Let’s talk about her practise. Ever since the beginning, she was always only interested in inanimated objects. I have never seen a Maude Maris’ painting of a cat. She turns to volumes, collecting small objects, casting them in plaster, arranging the casts on a mini stage, taking a picture of that, and then making the painting.
This complex process has been developped along the years. Back in the days, she was using internet found images, then tryed using 3D softwares before finding the stability in her nowadays process.
It is important to consider the transformation that the objects and volumes had to endure to be able to arrive on the painting. As LeeAnn Taylor puts it, “We’re all butterflies. Earth is our chrysalis.” Ha! I got you here, but more seriously this time François Truffaut did evoke this better when he said that art was a translation of the reality. Of course, Maude Maris is operating several layers of translations in her process, playing the Telephone Game: a group of people sits in a circle. One thinks about a phrase and tells it to it’s neighbour in the ear so no one else can hear. The neighbour passes it to its neighbour, etc. Until it comes back to the first person, sounding and meaning having been completely altered.
It’s a very funny game, you should play it. Maude is indeed playing a kind of Téléphone Arabe in her works.

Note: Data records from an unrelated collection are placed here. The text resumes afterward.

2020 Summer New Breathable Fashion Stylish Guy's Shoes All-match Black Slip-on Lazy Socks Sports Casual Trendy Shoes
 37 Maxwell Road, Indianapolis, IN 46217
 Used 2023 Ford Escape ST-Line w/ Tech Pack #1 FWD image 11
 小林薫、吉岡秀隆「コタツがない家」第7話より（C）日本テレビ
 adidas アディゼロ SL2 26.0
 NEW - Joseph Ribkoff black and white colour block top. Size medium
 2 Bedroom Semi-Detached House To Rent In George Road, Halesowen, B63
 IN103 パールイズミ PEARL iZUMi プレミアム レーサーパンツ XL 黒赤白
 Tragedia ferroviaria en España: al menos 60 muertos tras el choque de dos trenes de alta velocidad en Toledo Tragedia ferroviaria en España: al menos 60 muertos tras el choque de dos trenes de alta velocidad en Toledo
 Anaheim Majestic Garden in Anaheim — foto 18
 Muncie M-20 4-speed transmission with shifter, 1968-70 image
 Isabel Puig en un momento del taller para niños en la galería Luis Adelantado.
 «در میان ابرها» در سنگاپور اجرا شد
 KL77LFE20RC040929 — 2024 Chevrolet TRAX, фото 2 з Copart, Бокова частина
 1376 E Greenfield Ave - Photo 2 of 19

And the result sends us to a whimsical world where volumes are pushed to the surfaces, and the arrangements of it all becomes a visual translation of emotional relationships.
WAW? Where did that magic come from?
I know, it’s art, b*tch!
It is thanks to her rigourous practice and the serious of her research that Maude Maris captivates this extra of the reality, demonstrating once again that toying around with volumes can also be a painter’s job.
In some ways, she reminds me of Fabienne Verdier. Don’t you feel the same dedication, preciseness, clearness of the mind?
To finish, I’ll let you with this Zen proverb:
One day a student asked Taiga, “What is the most difficult part of painting?” Taiga answered, “The part of the paper where nothing is painted is the most difficult.”